This book is meant to be understandable and fun to use. The topics range from the beginnings to the end -- cutting and curing wood through building a selfbow of almost any type and finishing it. Selfbows are wooden bows with no laminations in the limbs. Both beginners and advanced bowyers should find the book usable and worthwhile. There are extensive descriptions and directions throughout, supported by over 200 individual color illustrations. Besides the how-to directions, there are sections on heat-bending, splicing billets, shaping handles, and treating problems like knots, cracks, etc. Several other useful topics are addressed, such as suggestions on how to make a bow with only a few measurements, reduce handshock, eliminate stack, stabilize arrow flight, shoot where you look, and increase arrow speed.
Tillering goals I emphasize.
It’s common to read that you should tiller a bow so the limbs have “a smooth, even curve”. My emphasis is actually not on the curvature of bow limb profile per se. I think the aspect of a bow that’s most important is NOT the profile it has when strung, however important that is, nor even the profile it has when fully drawn, however important that also is.
Instead, I think it’s more important to focus on where, when, and how much during the draw, specific regions of the limbs bend during the draw for the bow style you’re making.
The profiles of a strung and fully drawn bow, then, become the consequence rather than the goal of the tillering process. Although the profiles will differ in various bow designs, the tillering process will be essentially the same.
Naturally the reason for tillering a bow to draw so specifically is that you’re setting it up for how smoothly it draws and how nicely it shoots -- for the degree of handshock, arrow stability, arrow speed, etc. Naturally also, you may not follow the tillering pattern in this book, but instead follow your own intuition or pattern.

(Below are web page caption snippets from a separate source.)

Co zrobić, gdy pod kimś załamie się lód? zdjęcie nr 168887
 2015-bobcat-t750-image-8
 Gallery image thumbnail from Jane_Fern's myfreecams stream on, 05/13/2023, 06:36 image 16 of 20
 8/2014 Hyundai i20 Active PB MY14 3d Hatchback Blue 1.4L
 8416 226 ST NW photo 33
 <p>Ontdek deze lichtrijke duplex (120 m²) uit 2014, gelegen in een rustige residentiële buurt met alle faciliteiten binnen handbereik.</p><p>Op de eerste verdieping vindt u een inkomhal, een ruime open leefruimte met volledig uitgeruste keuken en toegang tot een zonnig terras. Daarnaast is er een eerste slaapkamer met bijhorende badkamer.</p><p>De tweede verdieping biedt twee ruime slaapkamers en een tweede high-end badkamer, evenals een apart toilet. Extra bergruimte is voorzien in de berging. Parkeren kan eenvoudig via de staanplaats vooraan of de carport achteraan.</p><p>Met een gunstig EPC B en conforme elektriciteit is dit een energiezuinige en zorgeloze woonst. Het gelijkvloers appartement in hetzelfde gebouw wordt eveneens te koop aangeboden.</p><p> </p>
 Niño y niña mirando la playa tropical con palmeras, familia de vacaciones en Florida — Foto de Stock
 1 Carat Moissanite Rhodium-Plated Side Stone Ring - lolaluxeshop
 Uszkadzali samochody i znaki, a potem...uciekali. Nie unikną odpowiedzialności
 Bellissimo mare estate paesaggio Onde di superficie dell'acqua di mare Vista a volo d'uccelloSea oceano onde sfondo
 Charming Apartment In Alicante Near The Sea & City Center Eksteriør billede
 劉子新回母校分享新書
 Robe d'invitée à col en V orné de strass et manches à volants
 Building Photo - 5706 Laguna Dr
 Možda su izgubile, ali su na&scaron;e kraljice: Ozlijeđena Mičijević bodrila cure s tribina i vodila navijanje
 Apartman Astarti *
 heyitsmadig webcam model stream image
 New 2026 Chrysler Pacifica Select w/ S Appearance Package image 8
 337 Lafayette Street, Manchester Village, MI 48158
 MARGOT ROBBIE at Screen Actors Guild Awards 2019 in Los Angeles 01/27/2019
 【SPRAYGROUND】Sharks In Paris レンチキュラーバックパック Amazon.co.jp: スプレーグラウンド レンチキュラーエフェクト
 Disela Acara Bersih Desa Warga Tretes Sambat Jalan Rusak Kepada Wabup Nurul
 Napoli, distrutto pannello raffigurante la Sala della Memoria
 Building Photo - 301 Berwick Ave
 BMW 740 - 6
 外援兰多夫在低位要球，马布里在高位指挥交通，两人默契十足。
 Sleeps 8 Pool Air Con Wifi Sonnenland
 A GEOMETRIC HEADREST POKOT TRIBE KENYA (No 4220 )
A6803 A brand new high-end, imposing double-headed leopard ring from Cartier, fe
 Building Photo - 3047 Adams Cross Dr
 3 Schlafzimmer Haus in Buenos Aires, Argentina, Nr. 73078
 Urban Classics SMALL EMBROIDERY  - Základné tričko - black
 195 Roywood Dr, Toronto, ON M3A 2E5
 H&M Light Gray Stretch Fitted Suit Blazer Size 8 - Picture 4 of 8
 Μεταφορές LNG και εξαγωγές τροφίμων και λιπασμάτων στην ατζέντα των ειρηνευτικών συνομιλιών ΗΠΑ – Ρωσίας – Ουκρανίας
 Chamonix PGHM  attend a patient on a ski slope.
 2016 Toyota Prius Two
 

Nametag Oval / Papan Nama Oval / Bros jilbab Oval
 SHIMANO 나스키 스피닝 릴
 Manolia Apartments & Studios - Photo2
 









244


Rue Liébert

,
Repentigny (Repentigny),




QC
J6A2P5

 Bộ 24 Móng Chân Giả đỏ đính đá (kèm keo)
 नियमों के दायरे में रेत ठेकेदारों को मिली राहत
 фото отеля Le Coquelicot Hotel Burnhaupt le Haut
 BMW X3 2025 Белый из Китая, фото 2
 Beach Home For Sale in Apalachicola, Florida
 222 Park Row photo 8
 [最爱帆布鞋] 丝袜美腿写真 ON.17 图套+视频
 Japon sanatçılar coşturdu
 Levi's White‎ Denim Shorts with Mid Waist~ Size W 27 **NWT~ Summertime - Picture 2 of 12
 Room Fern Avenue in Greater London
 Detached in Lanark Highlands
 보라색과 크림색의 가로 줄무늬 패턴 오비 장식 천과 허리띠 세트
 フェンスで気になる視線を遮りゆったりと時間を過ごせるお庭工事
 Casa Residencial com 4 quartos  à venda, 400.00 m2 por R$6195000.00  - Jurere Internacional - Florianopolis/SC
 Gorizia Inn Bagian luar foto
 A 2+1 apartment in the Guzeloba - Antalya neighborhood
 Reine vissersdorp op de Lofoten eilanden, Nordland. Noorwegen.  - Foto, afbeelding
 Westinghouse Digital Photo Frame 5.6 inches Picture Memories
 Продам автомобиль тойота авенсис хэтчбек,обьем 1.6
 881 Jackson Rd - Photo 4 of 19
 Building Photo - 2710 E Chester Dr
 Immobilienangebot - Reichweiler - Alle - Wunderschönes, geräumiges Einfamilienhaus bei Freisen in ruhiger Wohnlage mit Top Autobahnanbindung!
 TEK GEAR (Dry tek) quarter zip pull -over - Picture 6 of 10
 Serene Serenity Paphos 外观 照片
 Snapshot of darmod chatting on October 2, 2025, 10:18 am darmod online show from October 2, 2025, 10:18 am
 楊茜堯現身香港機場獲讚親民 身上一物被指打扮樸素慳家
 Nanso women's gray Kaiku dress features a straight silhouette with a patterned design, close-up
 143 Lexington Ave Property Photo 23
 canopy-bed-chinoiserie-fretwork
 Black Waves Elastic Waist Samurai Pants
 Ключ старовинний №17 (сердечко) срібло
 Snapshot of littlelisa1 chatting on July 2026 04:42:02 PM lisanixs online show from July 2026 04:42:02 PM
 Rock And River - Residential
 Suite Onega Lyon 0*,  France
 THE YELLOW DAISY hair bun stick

Stim Wilcox has been making bows since he was a child, where bamboo splints and privet hedge arrows were exciting things to make and shoot. The bow-making experience that led to this book came mostly from the last 16 years of experimenting with hundreds of bows and many woods. Every word in this book stems from a love of archery and the pleasure of sharing the information and ideas about making wooden bows.The book has been written from the heart.